Introductory Remarks

John Stone


Ladies and gentlemen, welcome to this, the nineteenth Conference of The Samuel Griffith Society.

The Society, as most of you know, began in Melbourne, where Nancy and I were living at the time, and it is a pleasure to return to a city of which we have the most pleasant memories. To this day, Victorians constitute more of our members than those from any other State. Perhaps that may partly explain the fact that our numbers for this Conference are, I believe, a record.

Certainly, our numbers at dinner last night were indeed a record---a fact which, however, must be attributed not only to the quality of our speaker, Professor Geoffrey Blainey, but also to the high personal regard and affection in which he is held by Australians generally.

Needless to say, those who came last night to hear Professor Blainey were not disappointed. In his thoughtful and, as always, understated address, What should we say about our Federation?, he told us so much about the story of our nation---weaving, as he did so, strands of individuals' histories into his broad tapestry of our country's progress. When, towards the end of his remarks, he said that finally, if we would forgive him, he would "conclude by actually reading from some text", the gasp from the audience was audible. It was a fine address from a fine man. We were fortunate to hear it, and the readers of Volume 19 of our Proceedings will be (almost) equally fortunate.

In the course of preparing these introductory remarks, I looked back at those I made at our Canberra conference in May last year.
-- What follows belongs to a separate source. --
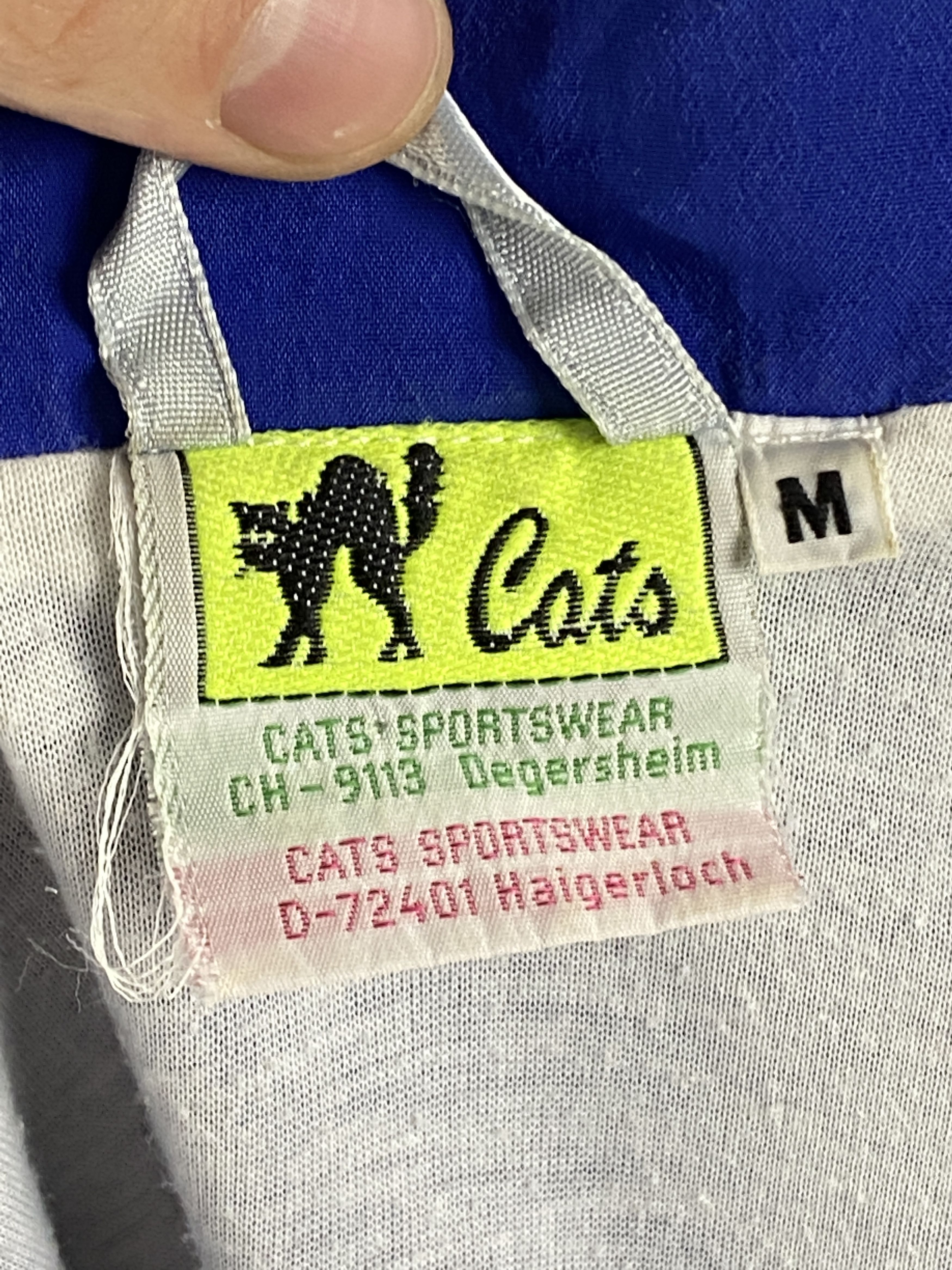 Vintage 90s Cats Vintage Men's Windbreaker Jacket - M Size US M / EU 48-50 / 2 - 5 Thumbnail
At that time, you will recall, the Work Choices Case before the High Court had only recently concluded, and the Court had reserved its judgment. Referring to that, I said:

"I am confidently informed on all sides, by persons much more learned in the law than I, that the plaintiffs will lose their case and that the Commonwealth will prevail".

To this, I said:

"I can only reply ... that I have too high an opinion of most of the Justices to believe that they would actually commit such a monstrosity as that would entail".

As you all know, I was wrong. In all but two cases, the Justices did commit that monstrosity, thereby creating for themselves a place in our constitutional interpretative history no less important, because no less debased, than the Isaacs Court in its infamous 1920 judgment in the Engineers' Case.

The two valiant dissenters were, as you know, Mr Justice Ian Callinan and Mr Justice Kirby. Mr Justice Callinan (together with Mrs Callinan) have honoured us by their presence this weekend, and I take this opportunity of reiterating the appreciation that I expressed to them last night for doing so. With less than a fortnight before he retires from the High Court bench, Mr Justice Callinan's attendance here today is all the more remarkable.

I could say much more about the Work Choices Case and its outcome. Since, however, we are to have four papers on the topic this morning, I shall refrain.

For the rest, our program this week is characteristically eclectic. At a time when the federal government seems bent upon invading one area after another of State responsibilities (note that I say "responsibilities", not "rights"), two papers after luncheon will canvass respectively the financial, and the political, aspects of a Federation that is clearly operating today within a centralist environment. After that we shall return to a topic, Bills of Rights, that was so well canvassed last year, and which was, incidentally, close to the heart of our former President, the late Sir Harry Gibbs. Then, at dinner tonight, we shall have a jeu d'esprit from Paul Houlihan. An allegorical fable about the current outlook for workplace relations and the trade union movement, it will bring the day to a pleasurable close.

In the last two years two important books have been published bearing upon the role of the Crown in Australia's constitutional arrangements. Each, in its own way, has put to shame Australia's academic constitutional lawyers. The first of them, Head of State, was written by our President, Sir David Smith. The second, published last year by Dr Anne Twomey (now an Associate Professor at Sydney University), is entitled The Chameleon Crown: The Queen and her Australian Governors. It is a fascinating book, the product of meticulous research and genuine scholarship. So tomorrow morning we shall have two papers on the Crown in Australia, one by Dr Twomey herself and another by one of our younger members, Michael Manetta, which both promise to be thoroughly enlightening.

When I was framing this Conference program earlier this year, the state of affairs among Australians of Aboriginal descent continued to give rise to something approaching despair. Since then, we have seen the genuinely hopeful development of the major initiative now being undertaken in the Northern Territory at the instigation of Mr Mal Brough. Dr Geoffrey Partington, who is to close our Conference tomorrow with his paper Thoughts on Terra Nullius, may in these circumstances be sorely tempted to stray into those more topical aspects of what we have always described as The Aboriginal Question. We must wait and see.

Now it is time to get the Conference proper under way. Julian Leeser will do so with the first of four papers in our session on Work Choices and the Federation. His paper is entitled Work Choices: Did the States run dead?, and since I am chairing this morning's session, let me now introduce him.